_EXERCISE OBJECTIVE_: Starting with the line that contains "Fire Salamander Salamander" and stopping after the line that contains "Lightning delivery 13-inch", return each line below exactly as written, with no others.

_PROVIDED DATA_:
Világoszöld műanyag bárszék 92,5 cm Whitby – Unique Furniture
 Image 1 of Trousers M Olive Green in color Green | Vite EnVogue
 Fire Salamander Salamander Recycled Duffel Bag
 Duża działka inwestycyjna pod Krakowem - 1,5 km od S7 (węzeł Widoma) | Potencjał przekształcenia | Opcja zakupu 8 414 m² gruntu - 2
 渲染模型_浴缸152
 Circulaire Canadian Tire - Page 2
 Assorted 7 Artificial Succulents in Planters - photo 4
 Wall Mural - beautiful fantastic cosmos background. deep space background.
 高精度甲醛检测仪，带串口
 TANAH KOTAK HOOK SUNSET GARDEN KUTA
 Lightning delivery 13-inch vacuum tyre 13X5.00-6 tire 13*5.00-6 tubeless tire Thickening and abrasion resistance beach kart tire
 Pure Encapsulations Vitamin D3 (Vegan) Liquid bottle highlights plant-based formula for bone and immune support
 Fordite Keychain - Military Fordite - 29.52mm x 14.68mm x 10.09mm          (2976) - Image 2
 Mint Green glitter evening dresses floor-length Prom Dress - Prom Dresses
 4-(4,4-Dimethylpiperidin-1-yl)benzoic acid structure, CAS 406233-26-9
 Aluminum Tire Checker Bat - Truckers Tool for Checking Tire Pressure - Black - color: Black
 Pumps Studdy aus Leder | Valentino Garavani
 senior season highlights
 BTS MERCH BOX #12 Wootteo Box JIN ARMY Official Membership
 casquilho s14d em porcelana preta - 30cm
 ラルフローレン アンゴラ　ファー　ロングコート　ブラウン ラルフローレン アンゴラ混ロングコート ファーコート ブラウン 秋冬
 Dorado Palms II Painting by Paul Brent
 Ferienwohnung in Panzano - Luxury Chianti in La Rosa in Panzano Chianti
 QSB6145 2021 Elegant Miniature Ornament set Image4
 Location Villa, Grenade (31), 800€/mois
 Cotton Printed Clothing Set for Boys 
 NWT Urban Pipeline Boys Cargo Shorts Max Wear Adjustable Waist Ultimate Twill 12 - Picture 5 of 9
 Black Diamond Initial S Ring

_TASK SOLUTION_:
 Fire Salamander Salamander Recycled Duffel Bag
 Duża działka inwestycyjna pod Krakowem - 1,5 km od S7 (węzeł Widoma) | Potencjał przekształcenia | Opcja zakupu 8 414 m² gruntu - 2
 渲染模型_浴缸152
 Circulaire Canadian Tire - Page 2
 Assorted 7 Artificial Succulents in Planters - photo 4
 Wall Mural - beautiful fantastic cosmos background. deep space background.
 高精度甲醛检测仪，带串口
 TANAH KOTAK HOOK SUNSET GARDEN KUTA
 Lightning delivery 13-inch vacuum tyre 13X5.00-6 tire 13*5.00-6 tubeless tire Thickening and abrasion resistance beach kart tire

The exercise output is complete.